Für Kaup-Hasler ist das sehr kurzfristig entwickelte Projekt "ein Beweis, dass Not erfinderisch macht" und eine Fortführung bisheriger Kulturpolitik: "Wir suchen in der Stadt immer wieder neue Räume für die Produktion von Kunst." Kira Kirsch versicherte: "Die Künstler, die bisher hier gearbeitet haben, waren begeistert." Bisher konnte diese Arbeit jedoch nur mittels Stream an die Öffentlichkeit gelangen. Wann sich das ändern wird, hängt vom neuen Lockdown-Öffnungsfahrplan ab, der von der Regierung für Ende der Woche angekündigt wurde. "Wir haben in weiser Voraussicht für den Frühsommer ohnedies einige Freiluft-Aufführungen geplant.

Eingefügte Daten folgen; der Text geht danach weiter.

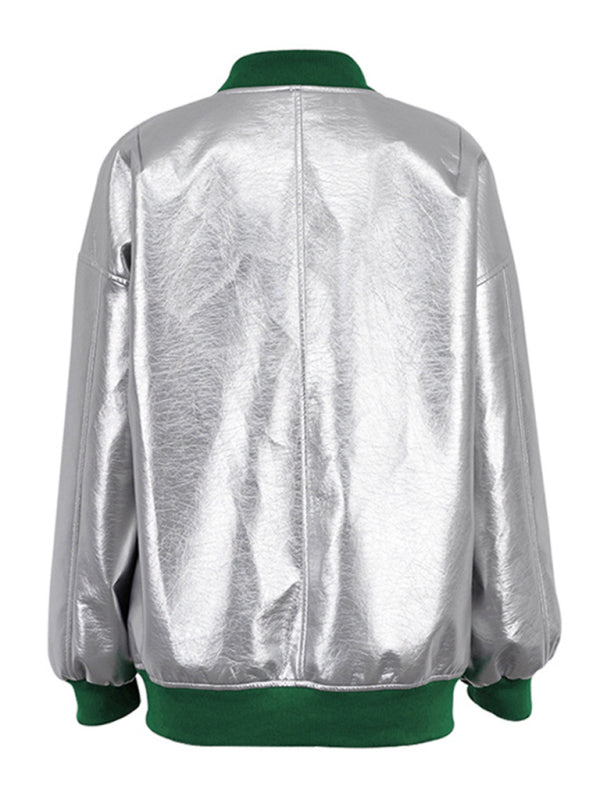 New futuristic reflective baseball uniform women's silver fashionable long-sleeved jacket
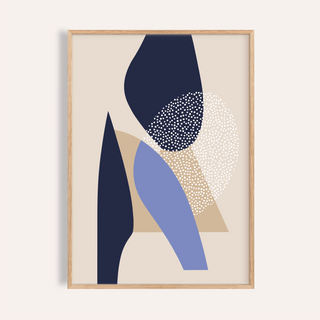 Layered shapes abstract print poster with dotted circle texture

Es wird also ziemlich sicher zumindest draußen etwas stattfinden können." Der große Innenhof darf jedenfalls bespielt werden. Eine Produktion von Claudia Bosse könnte auf der nebenan gelegenen Brachfläche stattfinden. Auch das dahinterliegende große Bahnhofsgelände könnte eventuell temporär bespielt werden, zeigte sich Schweitzer zuversichtlich.

Vielleicht eröffnen aber auch die Wiener Festwochen das neue Kulturareal. Das "brut nordwest", das bereits als Schauplatz der in der Vorwoche wieder abgesagten Programm-Pressekonferenz auserkoren war, ist jedenfalls eine der Spielstätten der Festivaledition 2021. "Das neue Gelände bietet eine Infrastruktur, die in dieser Form nicht allzu häufig in Wien in vergleichbarer Weise zu finden ist. Das Areal bietet sich für verschiedenste Formate an, als 'klassische' Spielstätte, aber auch für diskursive Formate und Workshops und als sozialer Ort für Austausch und Begegnungen", wird Intendant Christophe Slagmuylder in einer Presseunterlage zitiert. Ab Mai haben sich die Festwochen hier eingemietet. Wer nun tatsächlich als Erster zu Vorstellungen mit Zuschauern hierher einladen darf, sei aber nicht spielentscheidend, versicherte Kira Kirsch: "Wir arbeiten sehr kollegial zusammen." (APA, 19.4.2021)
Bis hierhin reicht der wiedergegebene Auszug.